» **TASK BRIEF**
Write down the lines exactly as they appear, from the one that contains "unit 2 Bedrooms" through the final line of the records, so that both ends are kept and no pictures come along.

(Captioned web images)
•••••

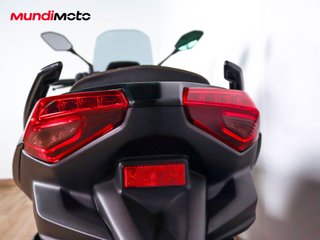 YAMAHA X-MAX 125 TECH MAX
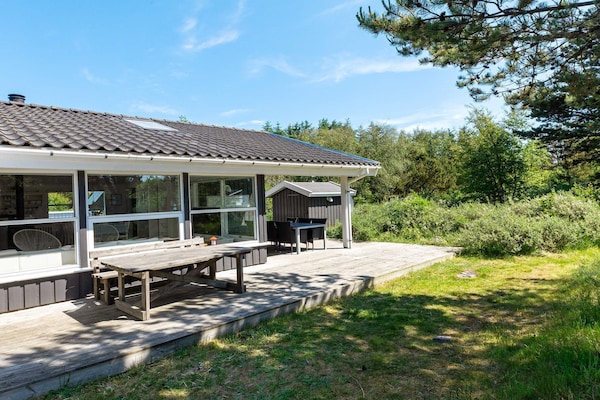 Foto van Luxe vakantieverblijf met zwembad - Vakantiehuis in Fjerritslev - View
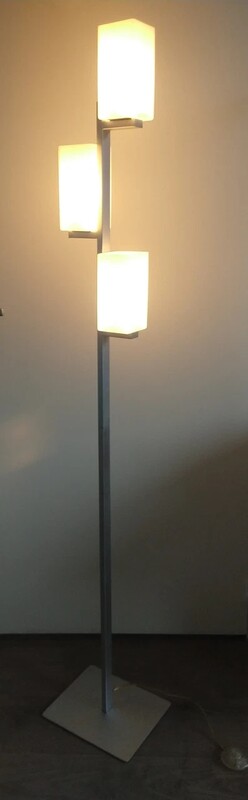 Elbląg Philips Massive
Lampa sufitowa Massive Khama (szerokość 74cm) + lampa podłogowa Massive Khama (wyskość 160cm)-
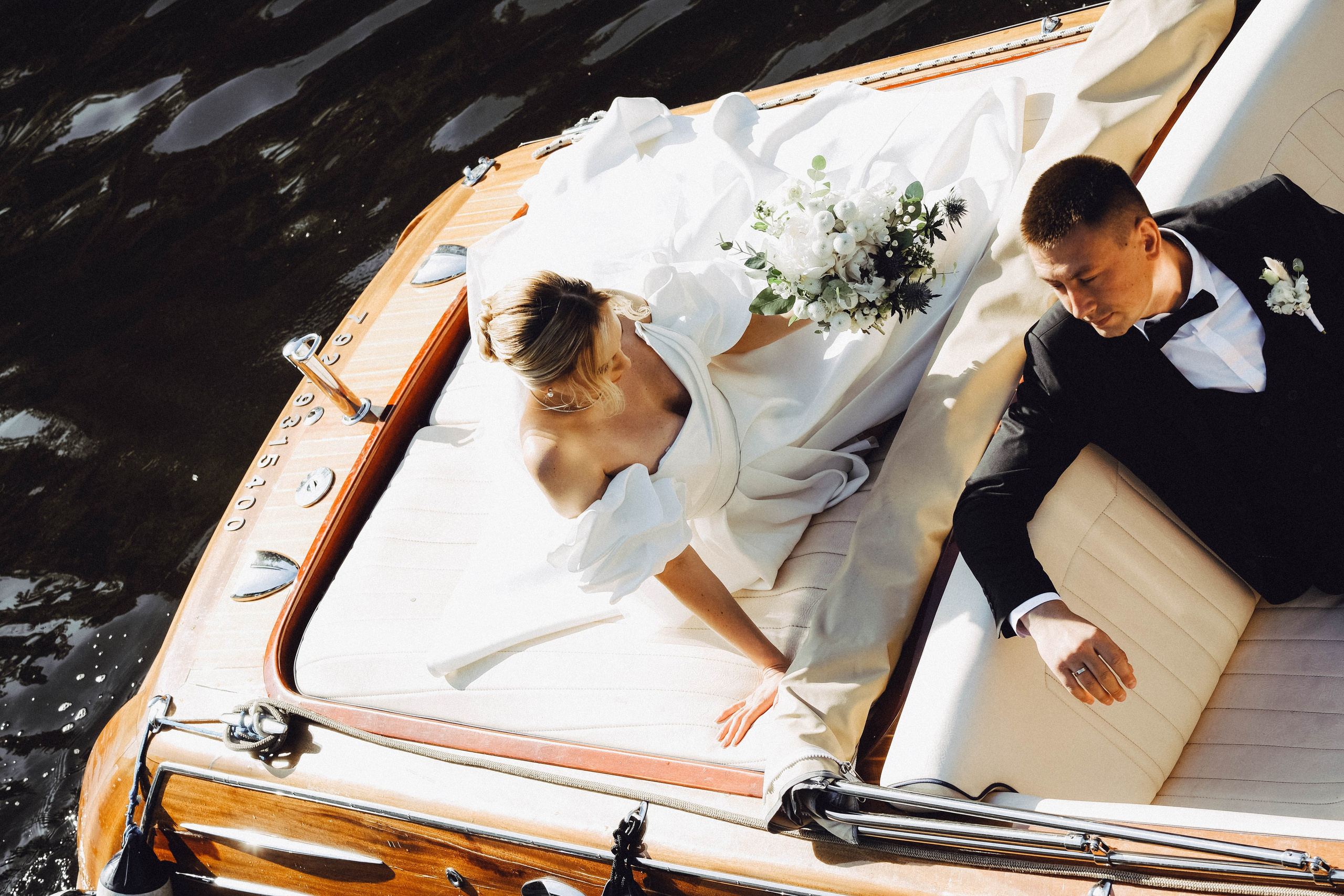 СВАДЕБГНАЯ ПРОГУЛКА ПО КАНАЛ САНКТ-ПЕТЕРБУРГА НА КАТЕРЕ. Профессиональный фотограф, Санкт-Петербург — Виктория Богомолова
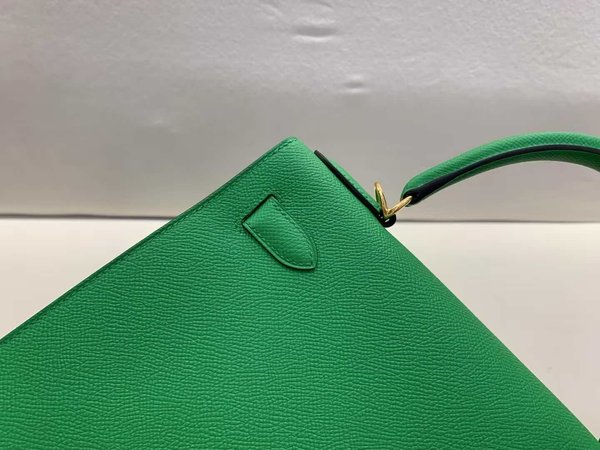 Hermès Kelly 28 Sellier Epsom Bamboo x Gold hardware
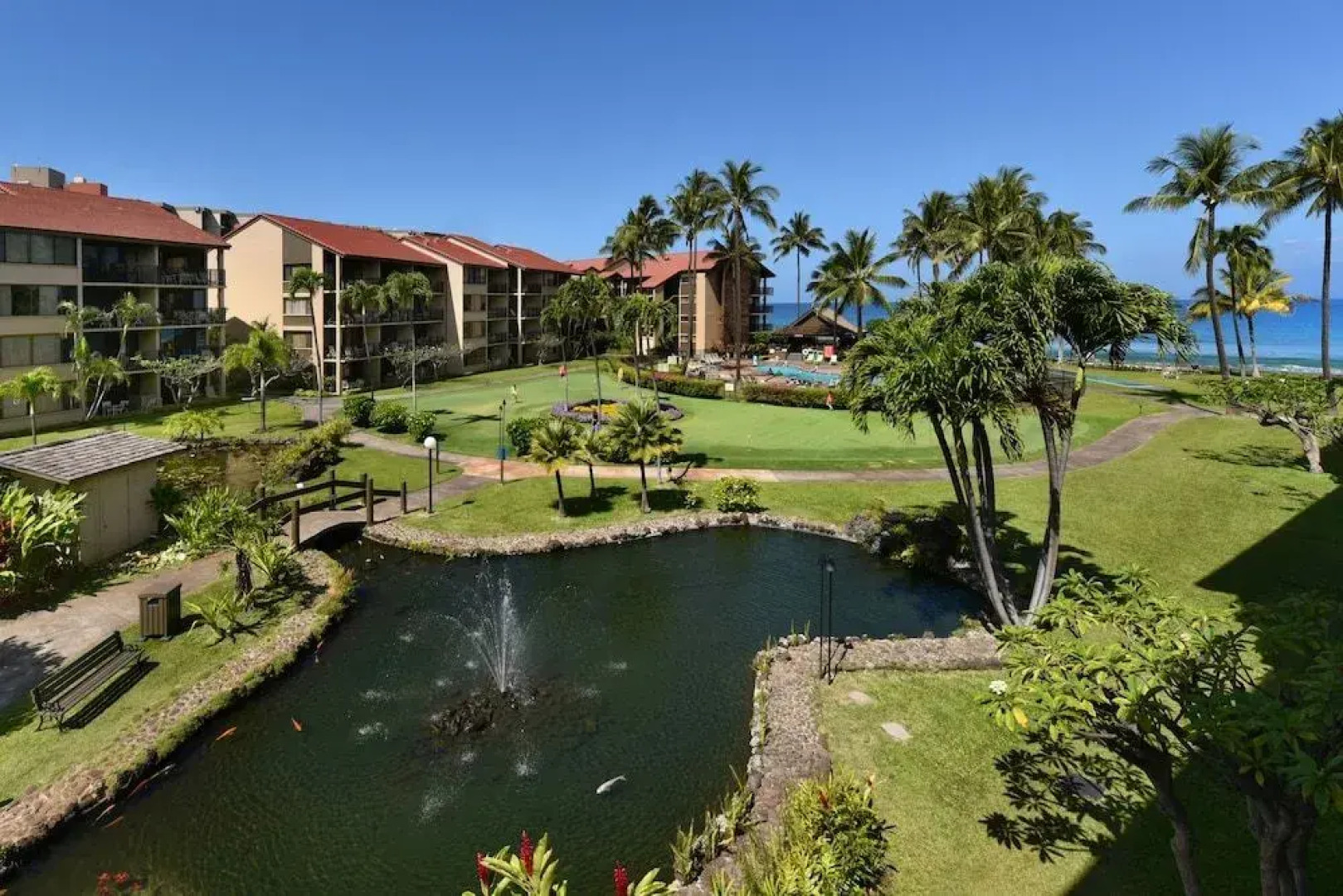 Papakea G301 by RedAwning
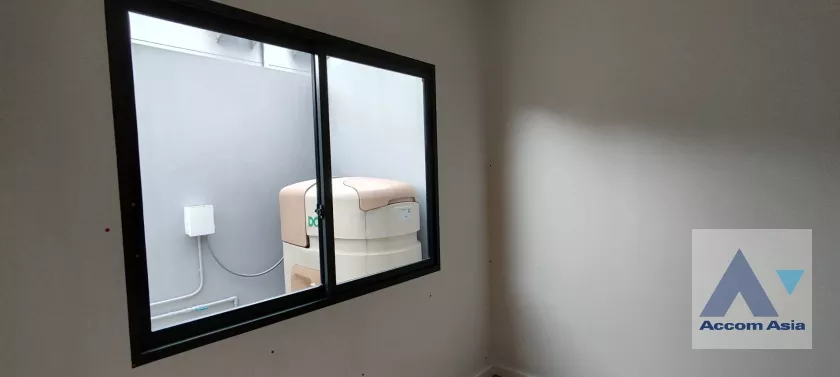 unit 2 Bedrooms  Townhouse For Rent in Samutprakan, Samutprakan  (AA37233)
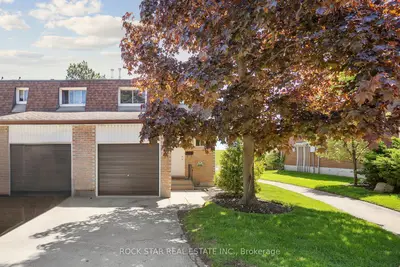 Condo Townhouse in Hamilton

•••••

» **TASK OUTPUT**
 unit 2 Bedrooms  Townhouse For Rent in Samutprakan, Samutprakan  (AA37233)
 Condo Townhouse in Hamilton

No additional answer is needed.